* TASK BRIEF
When you reach the line in the listing below that contains "FROSCHMODELL TÜRKLAMMER", begin returning lines exactly as written, and stop after the line that contains "Gala 2026 - Dance On It". Return no other lines.

* RECORDS TO USE

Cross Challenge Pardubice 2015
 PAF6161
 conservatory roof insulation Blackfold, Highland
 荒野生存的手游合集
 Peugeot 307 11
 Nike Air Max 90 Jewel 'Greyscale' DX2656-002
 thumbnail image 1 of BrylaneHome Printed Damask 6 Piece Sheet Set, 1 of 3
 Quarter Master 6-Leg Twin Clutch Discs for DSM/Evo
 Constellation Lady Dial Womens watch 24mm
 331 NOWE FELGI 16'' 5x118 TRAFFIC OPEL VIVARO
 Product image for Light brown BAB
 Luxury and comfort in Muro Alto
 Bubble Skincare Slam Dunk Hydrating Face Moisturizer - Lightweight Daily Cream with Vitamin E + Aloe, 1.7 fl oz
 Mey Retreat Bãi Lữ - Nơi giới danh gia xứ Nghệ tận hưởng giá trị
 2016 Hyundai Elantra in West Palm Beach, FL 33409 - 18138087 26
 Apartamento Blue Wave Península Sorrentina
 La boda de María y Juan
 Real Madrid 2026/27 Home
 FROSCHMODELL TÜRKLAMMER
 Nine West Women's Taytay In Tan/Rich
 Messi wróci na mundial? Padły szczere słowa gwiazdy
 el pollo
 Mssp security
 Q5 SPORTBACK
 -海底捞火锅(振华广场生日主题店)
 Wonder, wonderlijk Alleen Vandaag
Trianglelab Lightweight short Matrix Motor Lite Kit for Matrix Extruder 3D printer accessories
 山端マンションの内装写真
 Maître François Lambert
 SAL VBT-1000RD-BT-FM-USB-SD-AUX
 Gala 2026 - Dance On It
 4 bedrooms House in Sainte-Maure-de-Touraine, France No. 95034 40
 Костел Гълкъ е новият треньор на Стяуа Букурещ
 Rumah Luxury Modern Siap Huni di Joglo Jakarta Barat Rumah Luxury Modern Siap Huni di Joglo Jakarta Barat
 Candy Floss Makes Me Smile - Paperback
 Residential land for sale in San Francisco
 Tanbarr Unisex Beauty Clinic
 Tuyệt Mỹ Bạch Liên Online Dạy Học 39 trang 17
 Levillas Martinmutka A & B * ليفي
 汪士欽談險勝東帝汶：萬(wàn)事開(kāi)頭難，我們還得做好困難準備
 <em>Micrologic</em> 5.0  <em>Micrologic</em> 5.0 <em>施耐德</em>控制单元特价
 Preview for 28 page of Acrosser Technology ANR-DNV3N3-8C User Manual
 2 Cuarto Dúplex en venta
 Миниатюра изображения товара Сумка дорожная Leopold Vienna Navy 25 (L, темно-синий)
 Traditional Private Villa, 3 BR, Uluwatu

* SOLUTION TO THIS TASK
 FROSCHMODELL TÜRKLAMMER
 Nine West Women's Taytay In Tan/Rich
 Messi wróci na mundial? Padły szczere słowa gwiazdy
 el pollo
 Mssp security
 Q5 SPORTBACK
 -海底捞火锅(振华广场生日主题店)
 Wonder, wonderlijk Alleen Vandaag
Trianglelab Lightweight short Matrix Motor Lite Kit for Matrix Extruder 3D printer accessories
 山端マンションの内装写真
 Maître François Lambert
 SAL VBT-1000RD-BT-FM-USB-SD-AUX
 Gala 2026 - Dance On It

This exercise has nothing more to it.